Opened on 11/05/2015 at 03:54:49 PM
Closed on 11/10/2017 at 11:15:18 AM
#3273 closed change (rejected)
Extend telemetry data by additional information
Reported by: | mario | Assignee: | |
---|---|---|---|
Priority: | Unknown | Milestone: | |
Module: | Adblock-Plus-for-Firefox | Keywords: | 2016q1 |
Cc: | saroyanm, trev, matze | Blocked By: | #394 |
Blocking: | Platform: | Firefox | |
Ready: | no | Confidential: | no |
Tester: | Unknown | Verified working: | no |
Review URL(s): |
Description (last modified by saroyanm)
Background
#495 introduces "Telemetry", formally known as "Filter Hit Statistics". #394 covers the client side implementation, i.e. collecting and regularly sending telemetry data to our backend after an explicit opt-in.
As soon as #394 has landed, the following changes should be implemented on the client side.
By sending additional information (described in "want to change"), the following requirements can be met:
- Further improve anonymization of the data.
- Identify filter lists where none of the filters actually hit.
- Identify often visited domains with an unusual high amount of filter hits in order to improve filter rules.

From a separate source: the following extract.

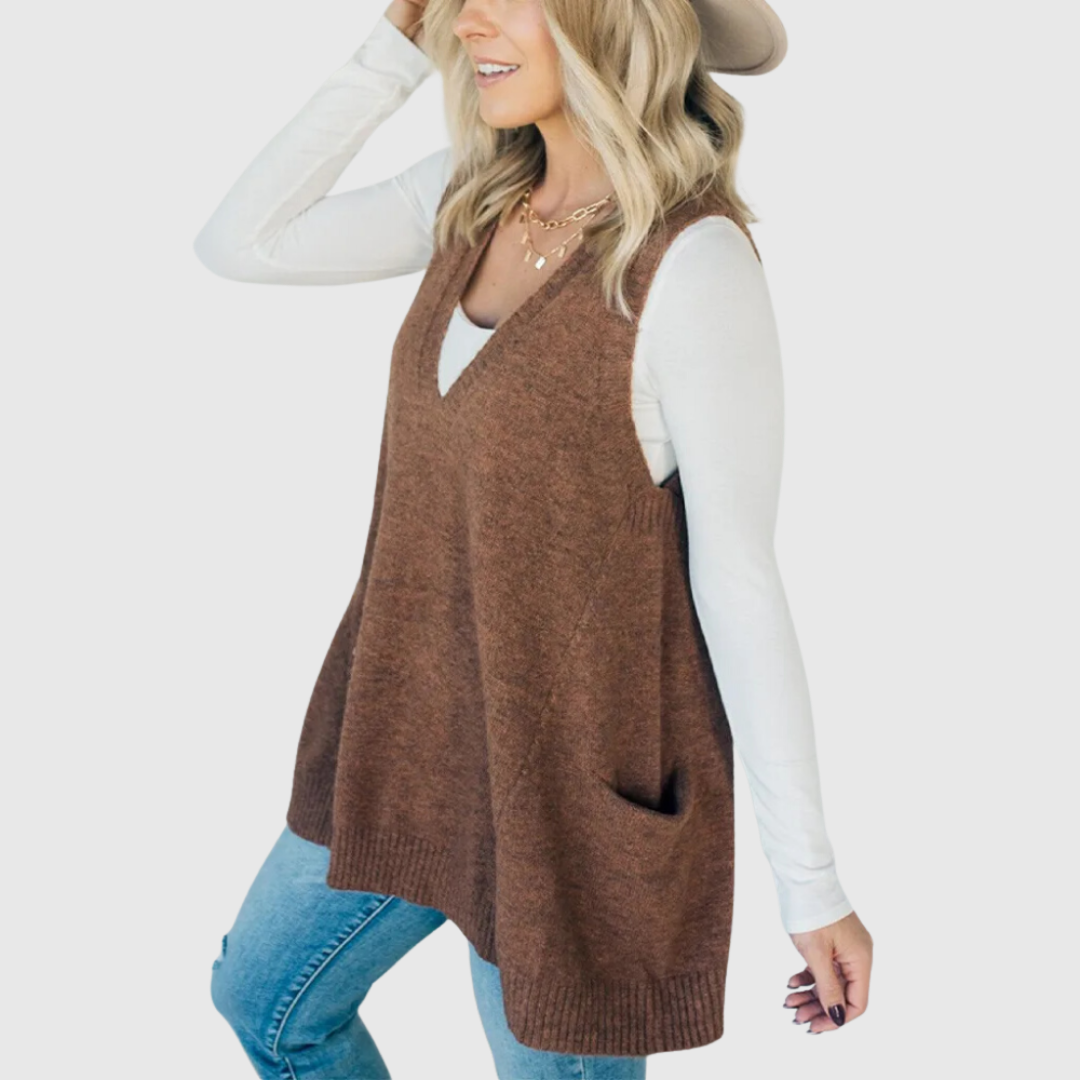 AROLA | COZY KNIT VEST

- Identify the environment's locale.
What to change
- Add a new attribute to the JSON on root level called "filterListSubscriptions" which includes an array of all subscribed filter lists.
"filterListSubscriptions": ["https://easylist-downloads.adblockplus.org/easylist.txt", "https:// ..."]
- Add a new attribute to the JSON on root level called "domains" which includes an object of all visited domains containing the number of page impressions within this domain.
"domains": { "example.com": { "pages": 143 // Number of page impressions within this domain }, "example.org": {"pages": 12} }
- Add a new attribute to the JSON on root level called "appLocale" which describes the browser's locale.
"appLocale": "en-US",
This is en example of the full JSON format containing the changes described above.
{ "version": 1, // For the server to recognize outdated clients "timeSincePush": 12345, // UTC Time interval (seconds in 1h-steps) since previous push "addonName": "adblockplus", // see require("info") "addonVersion": "2.3.4", // see require("info") "application": "firefox", // see require("info") "applicationVersion": "31", // see require("info") "platform": "gecko", // see require("info") "platformVersion": "31", // see require("info") "appLocale": "en-US", // see Utils.appLocale (actually ABP locale) "filterListSubscriptions": ["https://easylist-downloads.adblockplus.org/easylist.txt", "https:// ..."] // All filter list subscriptions "domains": { "example.com": { "pages": 143 // Number of page impressions within this domain }, "example.org": {"pages": 12} }, "filters": { "||example.com^": { "firstParty": { "example.com": { "hits": 12, // Number of hits "latest": 123456789 // UTC Time interval of last hit (in 1h-steps) }, "example.org": {"hits": 4, "latest": 987654321} }, "thirdParty": { "example.com": {"hits": 5, "latest": 123455489} }, "subscriptions": ["https://easylist-downloads.adblockplus.org/easylist.txt", "https:// ..."] // Subscription source of filter }, "example.com##foo > bar": { ... } } }
Note: The format might change. For the original JSON format please consult #394.
Attachments (0)
Change History (12)
comment:1 in reply to: ↑ description ; follow-up: ↓ 5 Changed on 11/06/2015 at 12:22:56 PM by Kirill
comment:2 Changed on 11/06/2015 at 12:28:40 PM by mario
- Description modified (diff)
You're right. Changed "number of pages loaded" to "number of page impressions" to make this more clear.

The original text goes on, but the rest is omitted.